The results of the Kruskal–Wallis test indicate that there is a significant difference in the medians of Val158 – Val/Met158 – Met158 allele carriers, however, this was only for the temperament scale Persistence (χ2[2, N = 80] = 6.24, P = 0.04) and the character scale Cooperativeness (χ2[2, N = 80] = 8.24, P = 0.02). All other TCI scales were not significant (P's > 0.05).

To follow-up on both significant main effects, Mann–Whitney U test revealed that for the character scale Cooperativeness Val158 homozygotes displayed significant higher CO scores when compared to Met158 homozygotes (z = −2.84, n – ties = 36, P = 0.03). No significant differences on CO scores were found between Val158 and Val/Met158 carriers (z = −1.75, n – ties = 62, P = 0.48) or between Met158 and Val/Met158 carriers (z = −1.68, n – ties = 62, P = 0.55). Mann–Whitney U test revealed no significant group differences for the temperament scale Persistence (P's > 0.05). These Mann–Whitney U tests were Bonferroni corrected for the six comparisons.

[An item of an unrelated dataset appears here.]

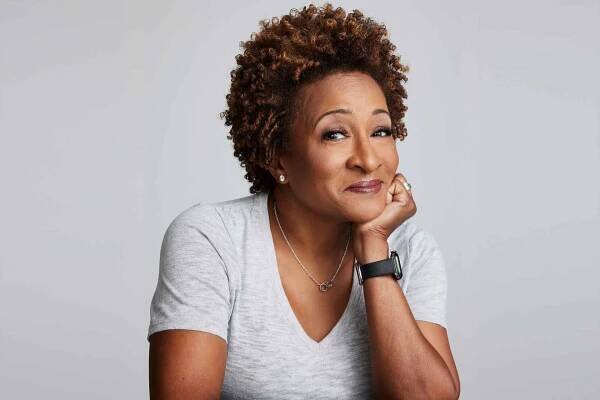 Photo of Wanda Sykes resting her head on her arm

Finally, the Kruskal–Wallis test did not show differences in age between the three groups (χ2[2, N = 80] = 4.07, P = 0.13).

Discussion

In contrast to our initial hypothesis, we did not observe an influence of the COMT Val158Met polymorphism on the temperament dimension NS. Only one study observed that female Met158 carriers show higher NS scores (Golimbet et al. 2007). As to how this differs from our study is not easy to explain as the sample size was similar to ours (n = 74). One could speculate that the choice of their participants, all born in Moscow, Russia, with a wider age range and the fact that the authors used a shortened TCI version (with 125 instead of 204 items) could account for some of the discrepancies. Furthermore, other studies showing an association with NS and the COMT Val158Met gene observed such phenomena only in gene × gene interactions, by analyzing NS subscales or by cross-referencing different personality questionnaires (Salo et al. 2010; Chen et al. 2011; Montag et al. 2012). Because our a priori hypothesis was based on a relatively small sample and to avoid losing power we did not perform any of the extra analyses just mentioned. However, as hypothesized no effects on the temperament dimension HA were observed nor on any of the other TCI scales with the exception of the character scale cooperativeness.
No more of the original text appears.